Eventually, shipping companies scrap older ships and idle their existing fleet. Tankers trade for less than half their original cost. Day rates slowly recover. Demand for new ships increases. And it starts all over again. In other words, the cure for low prices is low prices.
Have we seen bottom yet?
I believe that we might be finally approaching the bottom of the cycle in shipping. As of now, earnings for many companies in the sector can’t even meet operating costs.
Erik Stavseth, an analyst at investment bank Arctic Securities, told the Financial Times, “There’s [no ships] making money and no ability to pay the banks what they owe them.” He said rates had been at best just covering operating costs since the beginning of the year. Average rates for the largest dry-bulk ship were $6,976 on Friday – under the approximately $10,000 operating cost. But some very know distressed investors are finally entering the shipping arena. Billionaire investor Wilbur Ross is one of them. Ross and a consortium of investors purchased a fleet of 30 tankers that haul gasoline and diesel for $900 million two years ago.
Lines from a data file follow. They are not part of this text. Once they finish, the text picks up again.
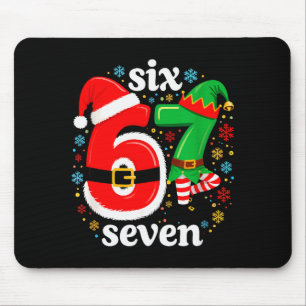 Tapis De Souris Mème drôle Six Sept 67 Elf 6 7 Père Noël Noël Pa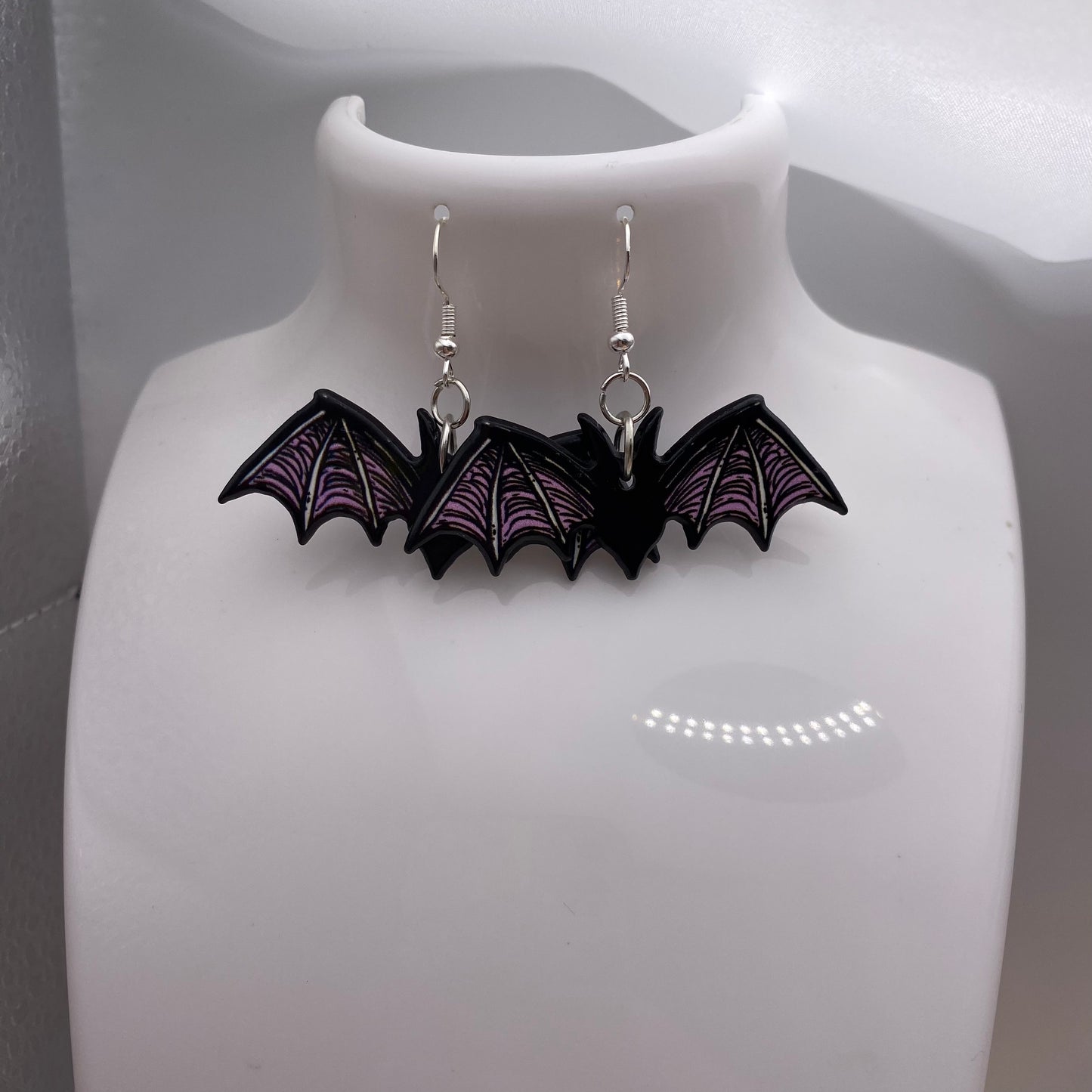 Big Black Bat Earrings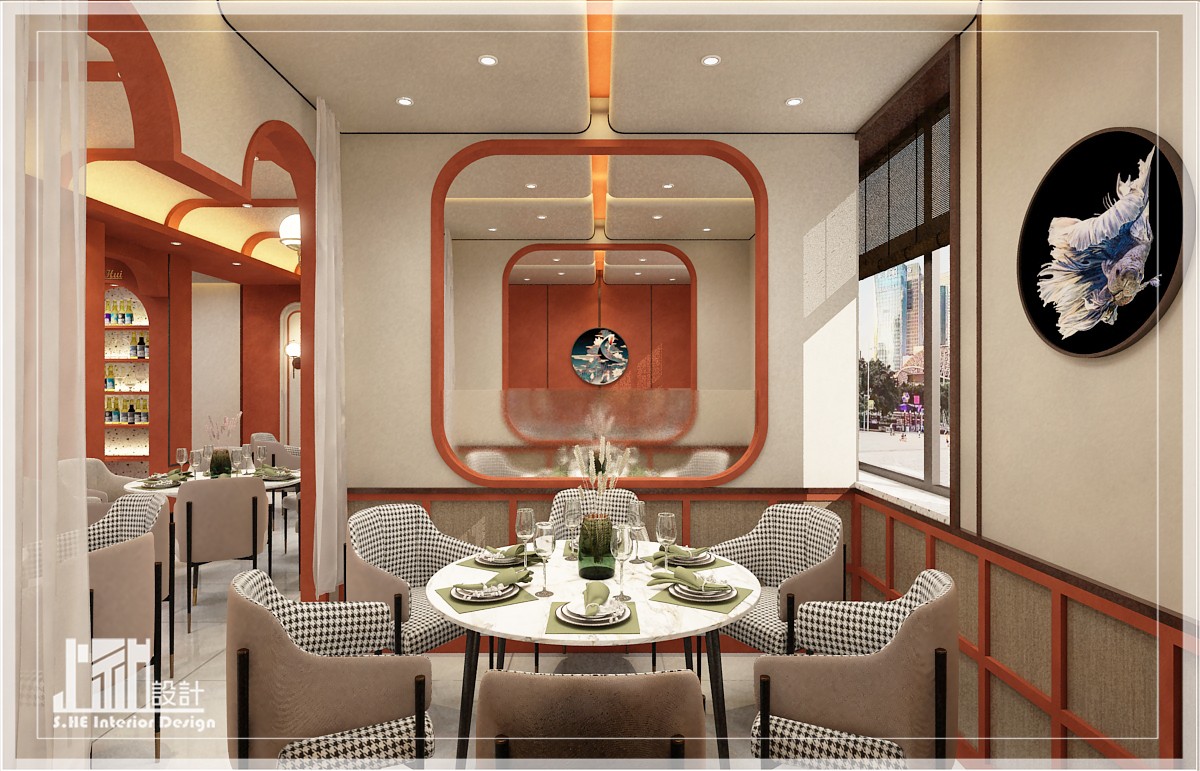 业主要求日常要有隔断为包房,包桌时还要有互动的通透性.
His investment firm, WL Ross & Co., also has a majority stake in Navigator Holdings, which controls one-third of the world’s mid-sized liquefied petroleum gas carriers.
“We’re going to do a lot more in shipping even than we have,” Ross told Bloomberg in May. “Shipping has a great oversupply of vessels that came from over-ordering a few years back. We think 2014 may be when it turns around.”